Retype the whole listing, please, keeping every line exact and dropping the pictures.

Data block >>
※ ※ ※

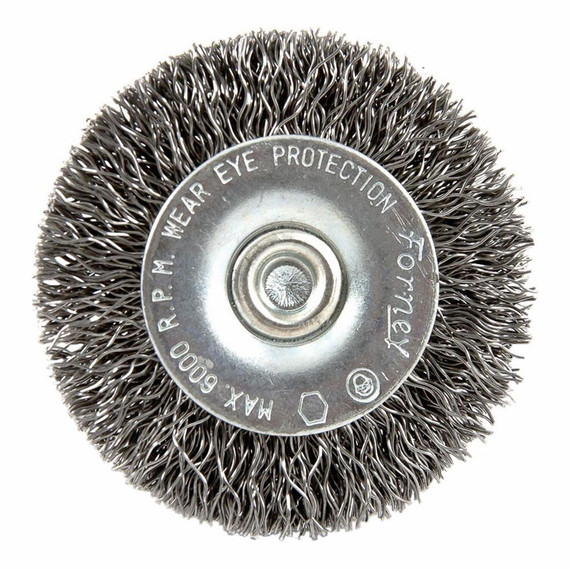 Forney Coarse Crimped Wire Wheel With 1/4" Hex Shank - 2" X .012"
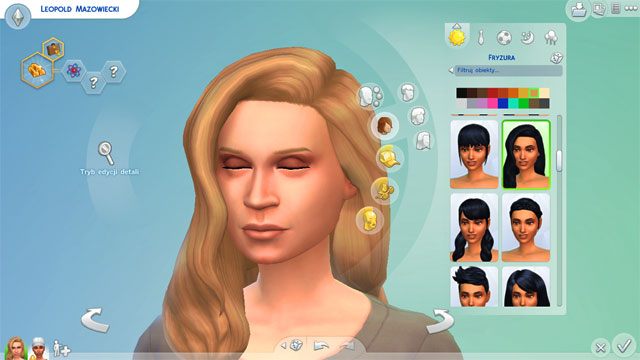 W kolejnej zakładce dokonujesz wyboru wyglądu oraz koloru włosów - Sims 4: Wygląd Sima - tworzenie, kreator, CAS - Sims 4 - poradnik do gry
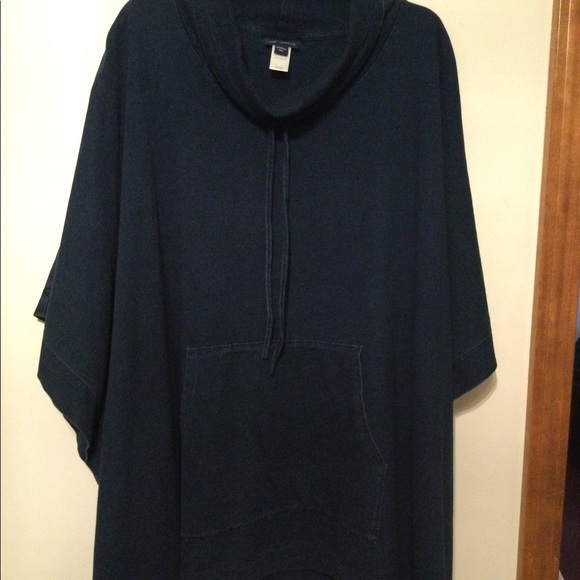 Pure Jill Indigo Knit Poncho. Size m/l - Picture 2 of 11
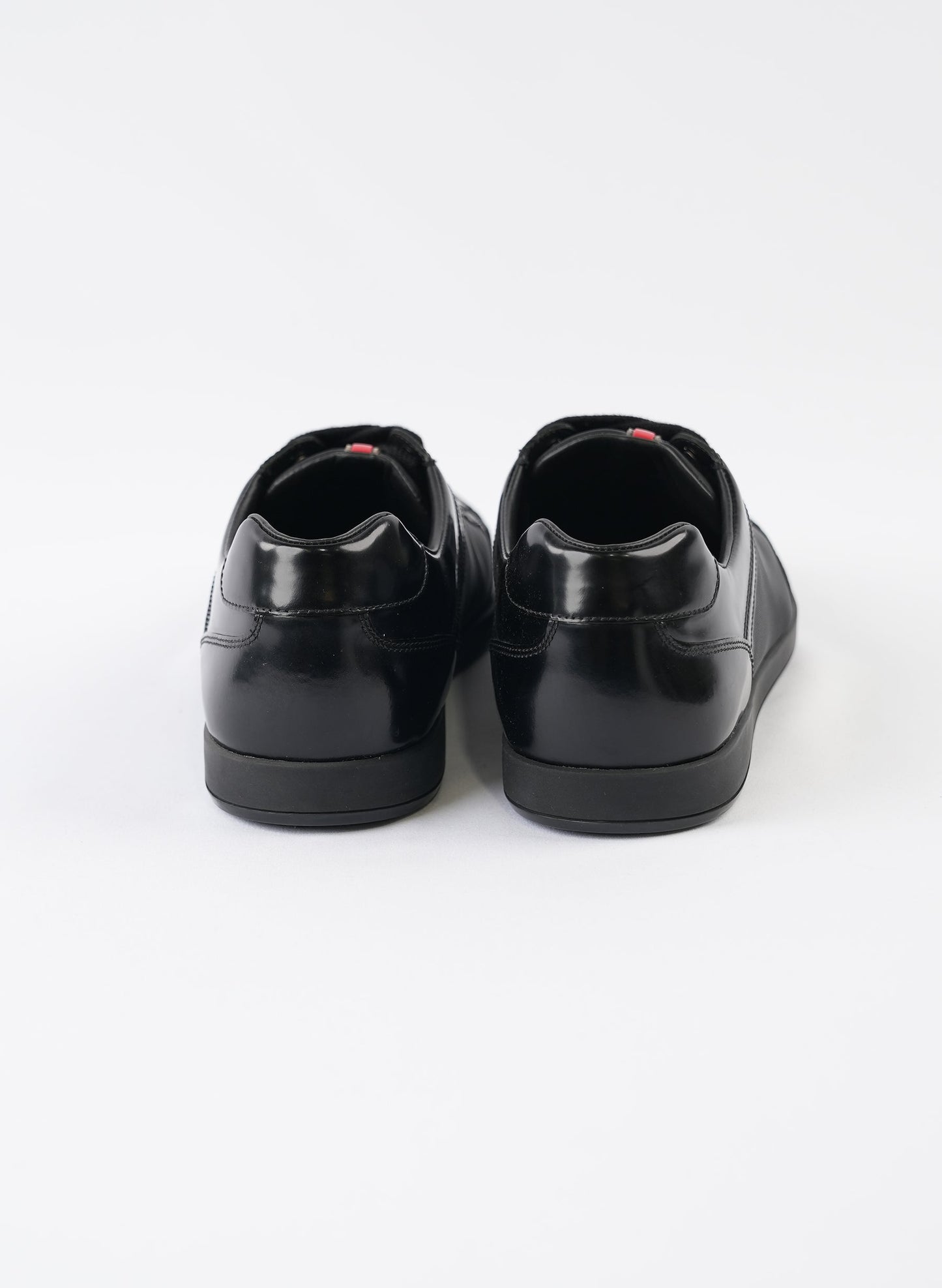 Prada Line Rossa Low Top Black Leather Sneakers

※ ※ ※

Final answer >>
 Forney Coarse Crimped Wire Wheel With 1/4" Hex Shank - 2" X .012"
 W kolejnej zakładce dokonujesz wyboru wyglądu oraz koloru włosów - Sims 4: Wygląd Sima - tworzenie, kreator, CAS - Sims 4 - poradnik do gry
 Pure Jill Indigo Knit Poncho. Size m/l - Picture 2 of 11
 Prada Line Rossa Low Top Black Leather Sneakers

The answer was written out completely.